Dass Rindfleisch reifen muss, ist freilich nichts Neues. „An einem Beiried zum Beispiel, das frisch vom Metzger kommt, beißt du dir nämlich alle Zähne aus“, grinst Ploner. Stichwort: Schuhsohle. Beim Reifen entwickeln sich Milchsäurebakterien, die das totenstarre Fleisch zersetzen. Es wird butterweich.

Keine Raketenwissenschaft. Und trotzdem: „Es gibt 15 Reifemethoden. Rind braucht am längsten, Lamm und Wild etwas weniger, Huhn isst man frisch“, erklärt Mair. „Dry aging“ bedeutet, das Fleisch mindestens vier Wochen am Knochen reifen zu lassen. Nachteil: 25 bis 30 Prozent vertrocknen und müssen weggeworfen werden. Beim Reifen in Rindertalg wird das Fleisch von warmem Fett umhüllt und erhält damit einen nussigen, intensiven Geschmack. Auch die Bafry-Box kommt gerne zum Einsatz: Das Fleisch bleibt einige Wochen in dieser Plastikkiste, aus der die Luft gedrückt wird und deren Deckel dann beschwert wird. Am gängigsten ist das „Wet aging“: In Vakuumbeuteln reift das Fleisch in seiner eigenen Flüssigkeit.

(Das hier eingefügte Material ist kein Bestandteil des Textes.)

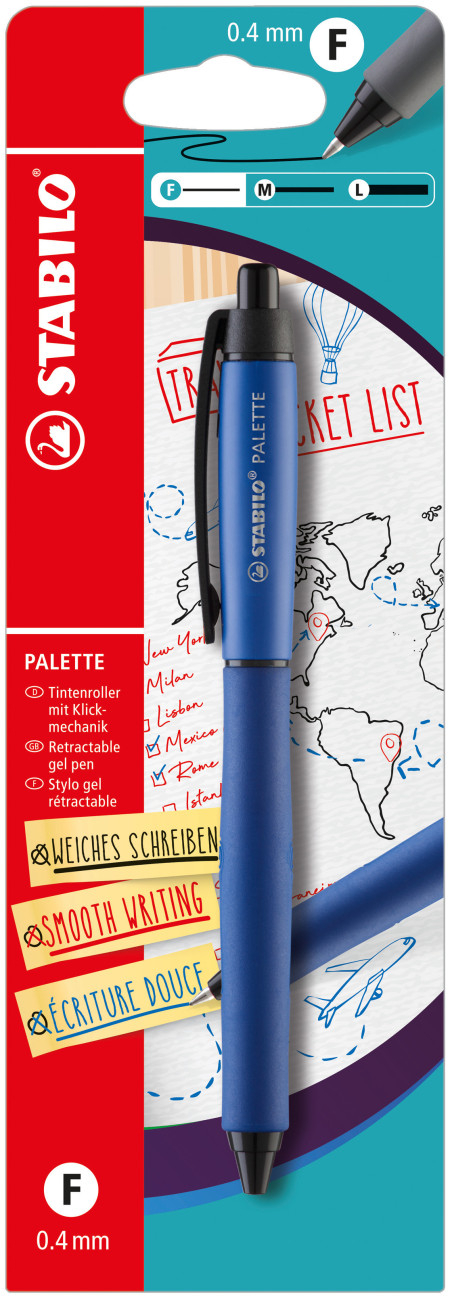 STABILO PALETTE Gel Rollerball - Blue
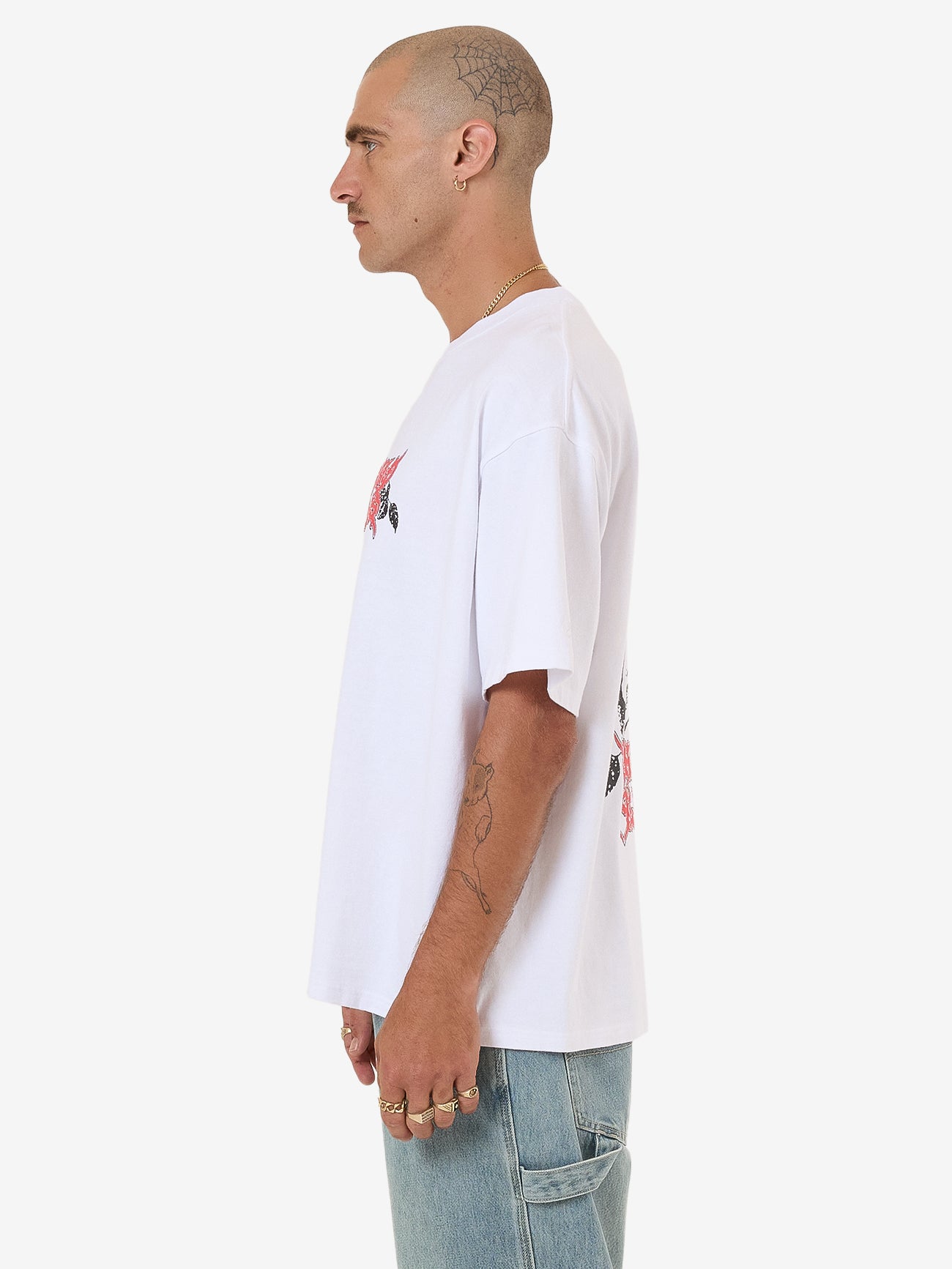 Perch Oversized Tee - White XS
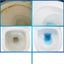 Toilet cleaner, toilet deodorizer, flushing cleaner, descaling cleaner, powerful yellow and dirt remover, blue bubble cleaner - Korvel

Ob „Aqua aging“ (in Mineralwasser), das Reifen in Asche oder mithilfe von Druckwellen – vieles ist vielleicht bloßer Werbe-Hokuspokus. Auch das „Ice aging“ taugt wohl kaum als Methode für die Massenproduktion. Die Testesser allerdings waren hin und weg – fast so wie das Gletschereis um die Zirbenkiste.